Thursday, February 11, 2010

You notice there's something wrong with Washington, DC even before you've gotten downtown. You drive through a slum you'd never have expected. The few people you see walking around are poor and black, and the restaurants -- just a step up from shacks, really -- serve black-identified food like jerk chicken and barbecue.

A mile later, all this becomes a memory as you cross a line into Whitesville that's so sharp you expect a border guard. Now, all of a sudden, every hotel, every store, every restaurant is upscale and white. Every face is upscale and white.

You look around, and at some point it hits you: if the Republicans and Democrats can't even fix up the city they live in, what hope do they have with the rest of the U. S.?

There are two main themes you pick up in Washington: one, we've made some truly dreadful mistakes for which we're truly sorry. And two, is this a great country or what?

I'm not sure how to answer that second question surrounded by so much evidence of the first. In the Smithsonian Museum of American History there's a section of the Woolworth's lunch counter from Greensboro, North Carolina where four black students staged a sit-in after waitresses refused to serve them. There's a replica of a slave cabin, and a floor plan of a bus station complete with separate black and white waiting rooms.
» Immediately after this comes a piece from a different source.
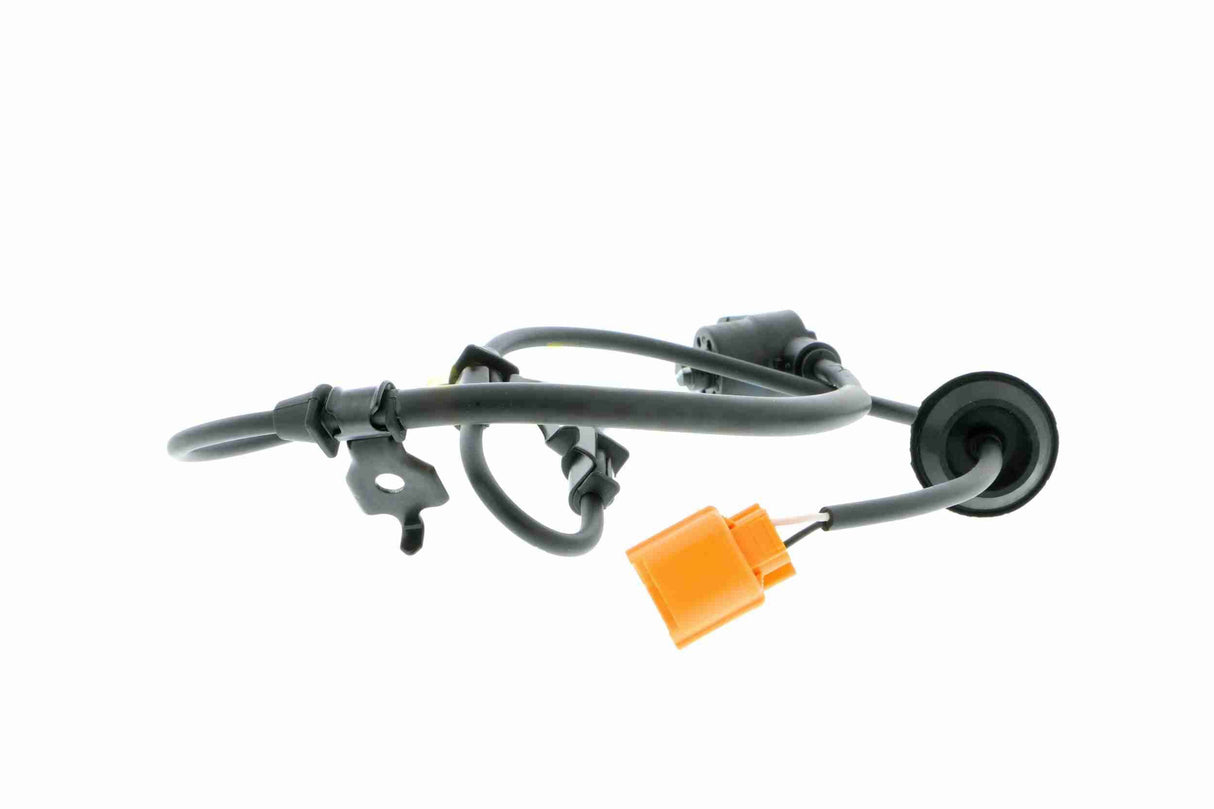 Sensor, wheel speed - V26-72-0123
And mere feet away there's the enormous flag that inspired Francis Scott Key to write the Star Spangled Banner. Feel that national pride stirring yet?
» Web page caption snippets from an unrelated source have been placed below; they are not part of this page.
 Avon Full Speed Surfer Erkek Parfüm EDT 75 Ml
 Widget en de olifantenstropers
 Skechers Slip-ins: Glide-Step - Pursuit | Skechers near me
On my tour of the Capitol building, the guide repeatedly referred to slavery and the fight for civil rights, and pointed to exactly one bronze bust of Martin Luther King among the hundreds of marble white people as proof of how far we've come.

They're sooo sorry. What an embarrassment! But ain't this a wonderful land?
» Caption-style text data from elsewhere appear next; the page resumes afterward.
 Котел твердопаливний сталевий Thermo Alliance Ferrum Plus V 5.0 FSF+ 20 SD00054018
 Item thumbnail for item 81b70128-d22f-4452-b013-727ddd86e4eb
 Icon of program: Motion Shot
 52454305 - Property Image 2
I can't merge the facts in my head. I'm guessing they think our problems have been solved, or that at least we're capable of correcting them. But then you look at the lily-white faces of the pages scurrying by, you look at the pale faces of every man who struts by in an expensive suit, you notice the conspicuous absence of any reference to homosexuality, and you wonder how anybody can claim anything has changed.

On my way out, I close my eyes and crank up my iPod. I want to go back in denial. It's like going to your interior decorator's home and discovering that all of his furniture is from Ikea.

On the plus side, I don't think I'll ever see a better likeness of Ralph Kramden.

1 comment:

Luke_Sydney said...

I guess when you have the next Republican candidate asking "a year later, how is all that hopey-changey stuff working out for yer?", it's easy to see that America has no hope of ever improving its own internal or external standing. Since the Korean War, America has had zero positive infulence in the world.